SUPPLIED INFORMATION ->
_ _ _
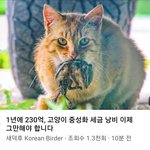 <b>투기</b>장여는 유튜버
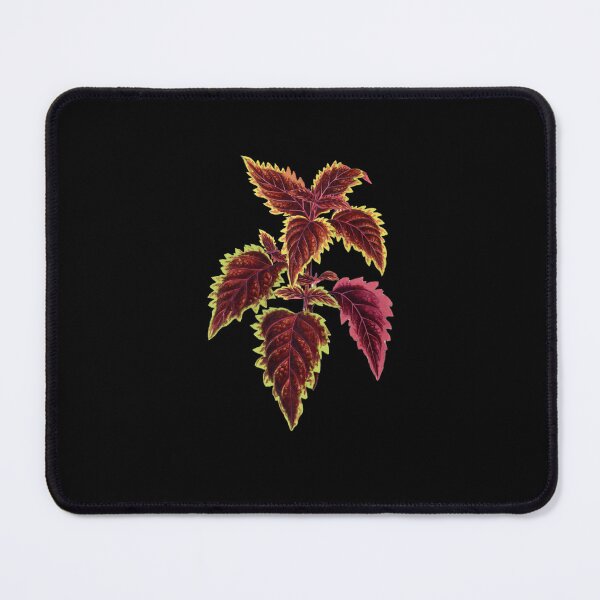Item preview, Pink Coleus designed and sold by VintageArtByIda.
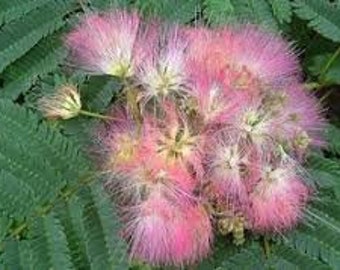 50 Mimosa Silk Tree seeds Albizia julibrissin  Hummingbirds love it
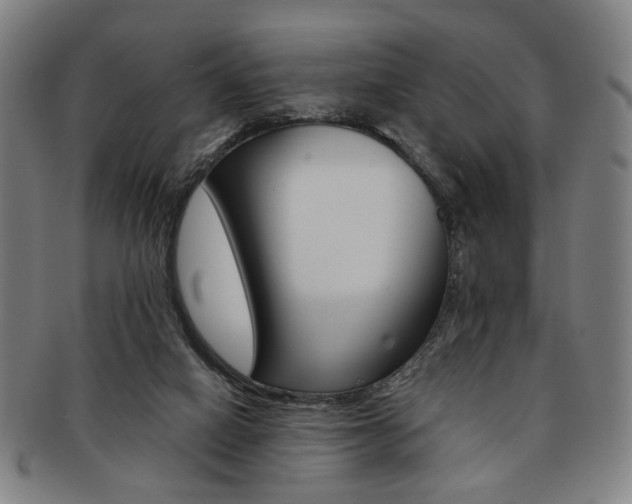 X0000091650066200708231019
_ _ _
Your task is to retype exactly the lines that run from the line with "Item preview, Pink" through the last line of the material, with the pictures left out.

Item preview, Pink Coleus designed and sold by VintageArtByIda.
 50 Mimosa Silk Tree seeds Albizia julibrissin  Hummingbirds love it
 X0000091650066200708231019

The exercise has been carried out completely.